Step 3: DP-Index index being established to entire figure according to the three of each vertex measurements, DP-Index index includes The local density on each vertex and each vertex in figure relies on vertex and relies on similarity, finally to the top in index Point carries out descending arrangement according to their local density.The index structure of DP-Index is as shown in table 1.Based on DP-Index rope Draw, the time complexity of static map clustering algorithm is O (n) in this patent, and wherein n is the quantity on vertex.It is, the time is complicated Degree is only related with vertex quantity, to greatly speed up the efficiency of algorithm.

1. DP-Index index structure of table

Step 4: according to local density ρ defined in step 2-1 and 2-2 and similarity δ is relied on, using ρ as abscissa, δ is ordinate, generates the decision diagram in this patent exclusively for G- Design, and the corresponding decision diagram of Fig. 1 is as shown in Figure 2.If ξ is 1.5, γ is 0.4.Then local density is more than or equal to by ξ according to decision diagram and relies on vertex of the similarity less than γ and be selected into density summit Point set, the vertex by local density less than ξ are selected into noise vertex set.Then density summit point set includes { v₆, v₁₀, noise vertex Collection includes { v₅, v₇, v₁₁}。

Step 5: concentrating each vertex to distribute a cluster for density peak maximum first, so the cluster result set of Fig. 1 includes 2 Cluster, current cluster result set are C={ { v₆, { v₁₀}}.Then for being not belonging to density summit point set and noise vertex set Each vertex puts in order according to the descending of the local density on vertex and is traversed, and each vertex is assigned to neighbours top Dian Zhong local density is bigger than its, (also just relies in cluster belonging to vertex) in cluster belonging to the highest vertex of structural similarity, most Cluster result set C={ { v is obtained eventually₁, v₂, v₃, v₄, v₆, { v₈, v₉, v₁₀}}。
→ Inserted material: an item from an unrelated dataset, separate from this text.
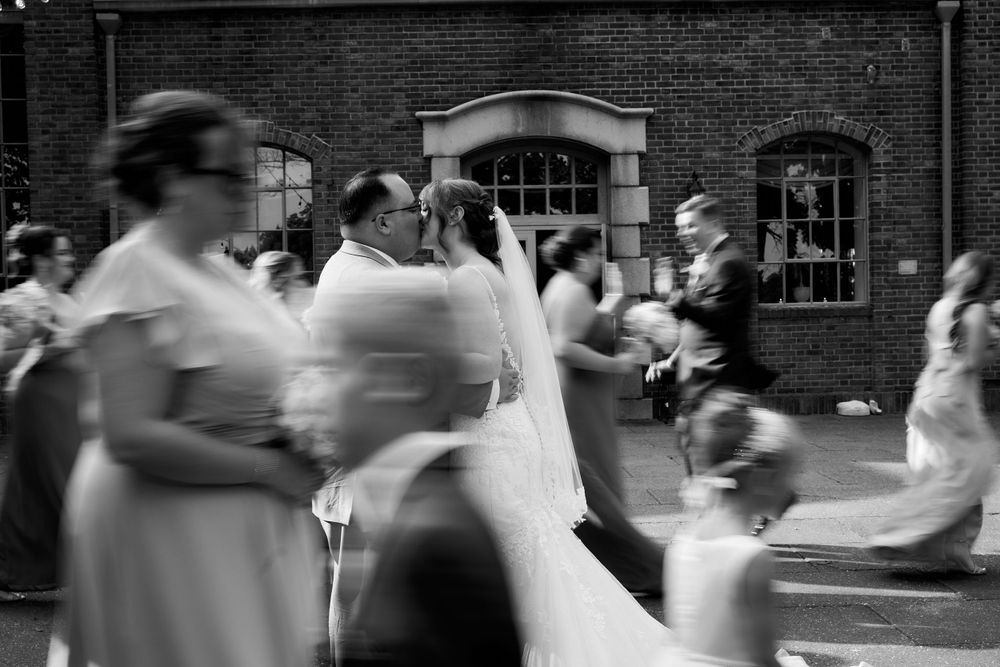 Black and white candid shot of wedding guests dancing and celebrating outside a brick building.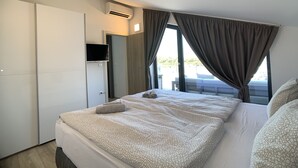 Ein modernes Hotelzimmer mit einem großen Bett, einem an der Wand montierten Fernseher und Blick ins Freie.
Step 6: in noise vertex set vertex carry out further division, if in noise vertex set certain vertex u neighbour Residence belongs to two and otherwise more than two different clusters are just selected into different then this vertex u is just selected into bridge vertex set Normal vertex set.Because of v₇Neighbours vertex belong to two different clusters, so v₇It is bridge vertex.Because of v₅And v₁₁All only one Neighbours, so v₅And v₁₁It is abnormal vertex.
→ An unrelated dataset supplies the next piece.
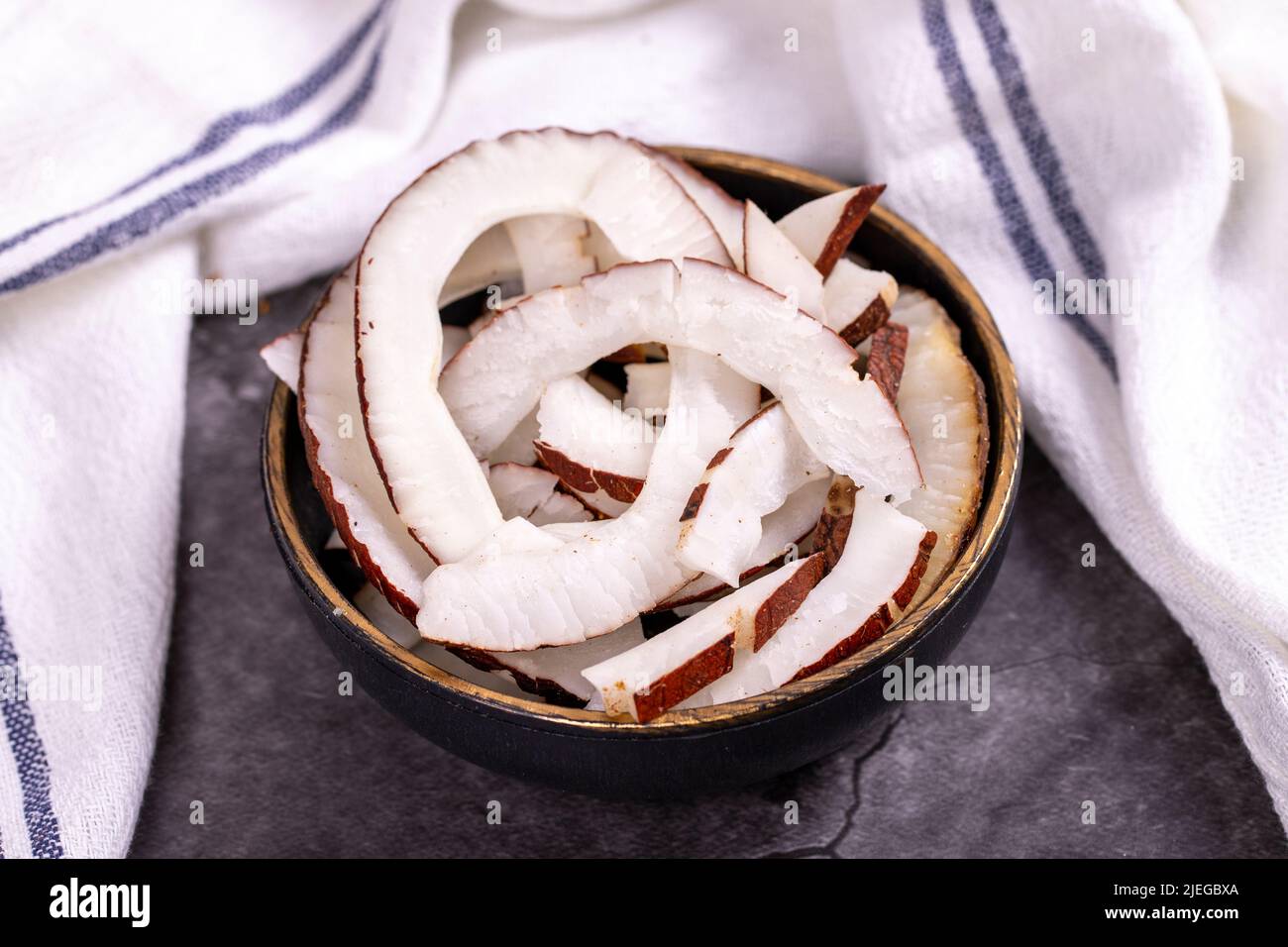 Getrocknete Kokosscheiben. Geschnittene trockene Kokosnuss auf dunklem Hintergrund. Sonnengetrocknete Früchte. Nahaufnahme Stockfoto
Step 7: dependency graph being obtained according to DP-Index index, density summit point set and noise vertex set, is initialized first One dependency graph G ' (V ', E '), if vertex set V ' and side collection E ' is sky, later if a vertex u belongs in original image G (V, E) Vertex u, then be added in dependency graph G ' by density summit point set or noise vertex set, otherwise by this vertex u and sideIt is added in dependency graph G ', the corresponding dependency graph of Fig. 1 is as shown in Figure 3.At this point, each connection point in Fig. 3 dependency graph Amount all corresponds to a cluster, such as vertex v₁、v₂、v₃、v₄、v₆The connected component at place is a cluster of cluster result, v₈、v₉、 v₁₀The connected component at place is another cluster of cluster result.Each isolated vertex, such as vertex v₅, v₇, v₁₁, belong to In noise vertex.The dependency graph designed in this patent is by the foundation structure in clustering as Dynamic Graph, for based on the quiet of density peak State structure chart clustering algorithm obtains cluster result in real time in Dynamic Graph and tracking cluster evolution event provides bridge.

Step 8: in the dynamic detection stage, this patent considers four kinds of Dynamic Graph variations: increase/deletion side and increase/ Delete vertex.Change real-time update DP-Index index respectively according to above-mentioned four class.

Increase and exist: when increasing when (u, v), the degree of vertex of vertex u and vertex v adds 1, then opposite vertexes u and vertex v into Row is further to update operation.For vertex u, recalculate the structural similarity of vertex u Yu neighbours vertex, more new summit u and The local density on neighbours vertex, later the dependence vertex on the neighbours vertex of more new summit u, neighbours vertex and neighbours vertex and Similarity is relied on, the measurement after finally changing according to vertex is updated DP-Index；The update of vertex v is operated with vertex u. Such as increase side (v₅, v₆), the figure after Fig. 1 variation is as shown in Figure 4.For vertex v₅For, v is affected first₅With neighbours Vertex v₂, v₆Between structural similarity, and then affect v₅With neighbours' vertex v₂, v₆Local density, so to v₅It is pushed up with neighbours Point v₂, v₆Local density be updated.It may influence to rely on vertex and dependence similarity since local density changes, then It needs to update v₅With neighbours' vertex v₂, v₆It relies on vertex and relies on similarity.Then because of v₂, v₆Local density change can It can influence v₂、v₆Neighbours' vertex v₁、v₃、v₄、v₇Dependence vertex and rely on similarity, so to v₁、v₃、v₄、v₇Dependence top Point is updated with similarity is relied on.Finally DP-Index index is updated, and is arranged by the descending of local density.For Vertex v₆Processing and vertex v₅Similar, to front, updated vertex does not need then to update, it is only necessary to update v₁、v₃、v₄、 v₇Local density and v₈Dependence similarity and rely on vertex.DP-Index index after final updated is as shown in table 2.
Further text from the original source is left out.